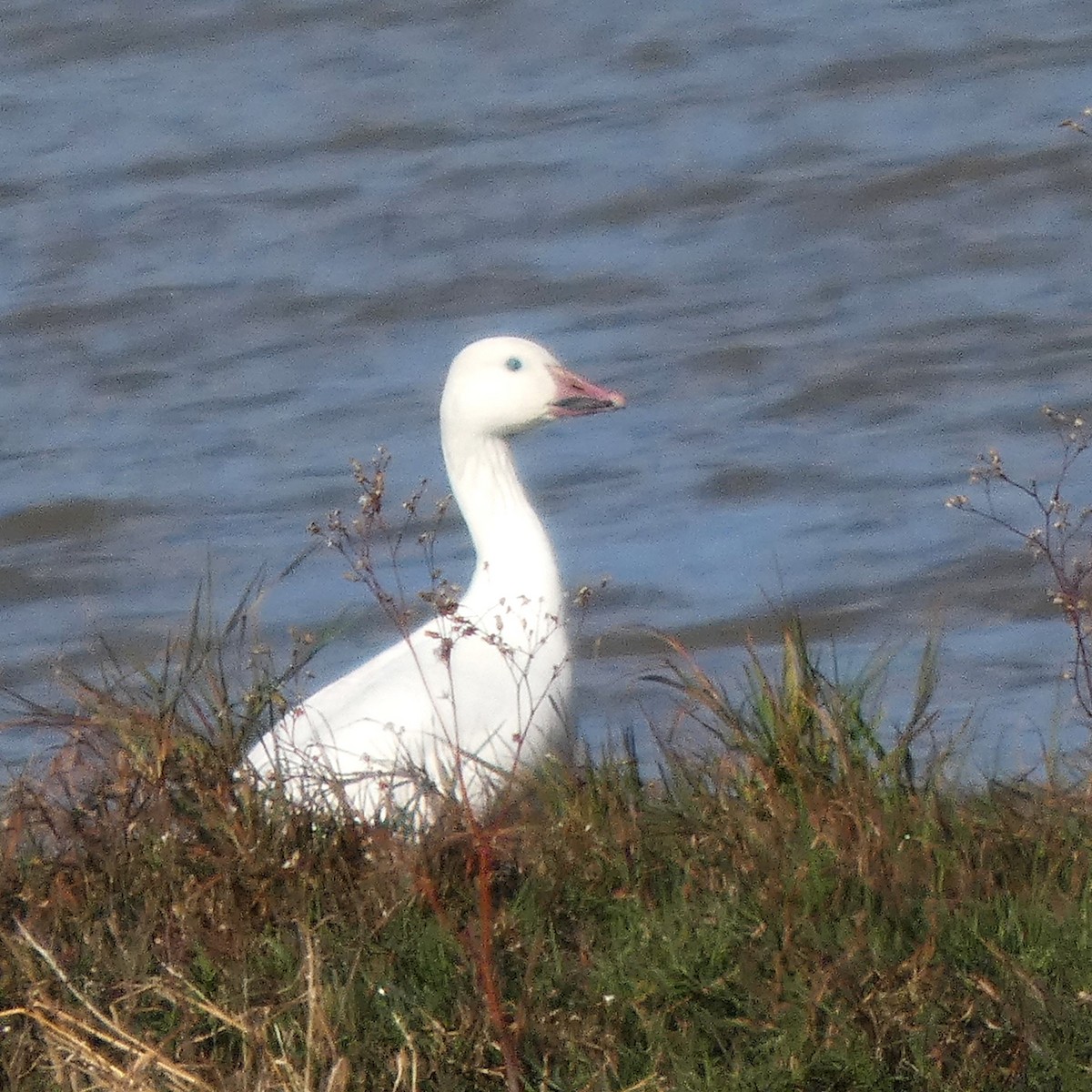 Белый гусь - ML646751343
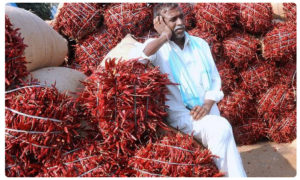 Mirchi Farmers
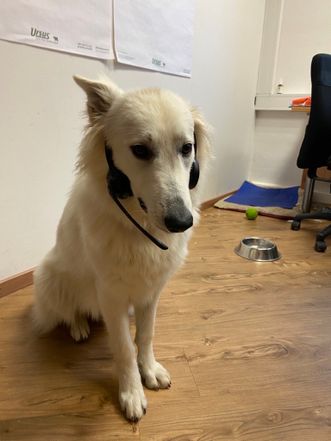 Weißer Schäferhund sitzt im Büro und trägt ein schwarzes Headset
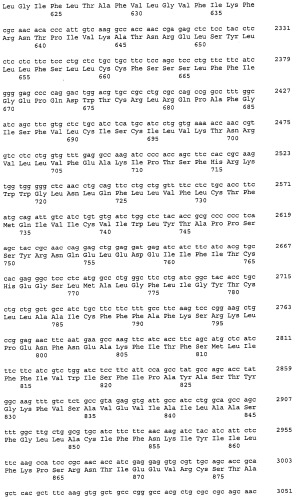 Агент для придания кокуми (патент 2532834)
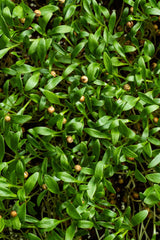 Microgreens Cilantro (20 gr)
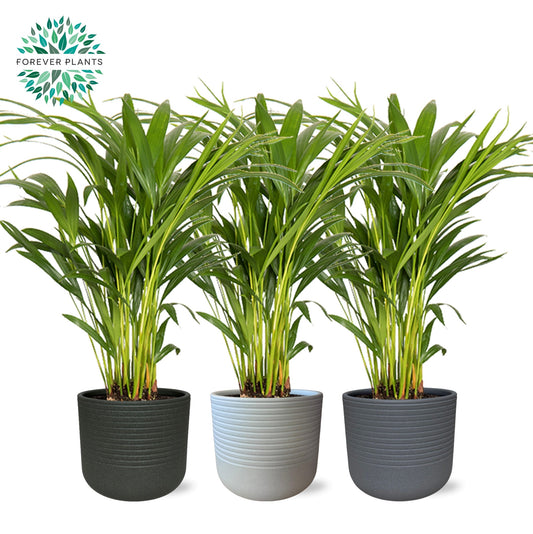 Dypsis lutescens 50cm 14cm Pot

■ ■ ■ ■ ■ ■ ■

### ACTIVITY
Take the line containing "Weißer Schäferhund sitzt" and every line after it up to the end of the entries, and quote them exactly. Both ends count; the pictures do not.

### ANSWER SPACE
 Weißer Schäferhund sitzt im Büro und trägt ein schwarzes Headset
 Агент для придания кокуми (патент 2532834)
 Microgreens Cilantro (20 gr)
 Dypsis lutescens 50cm 14cm Pot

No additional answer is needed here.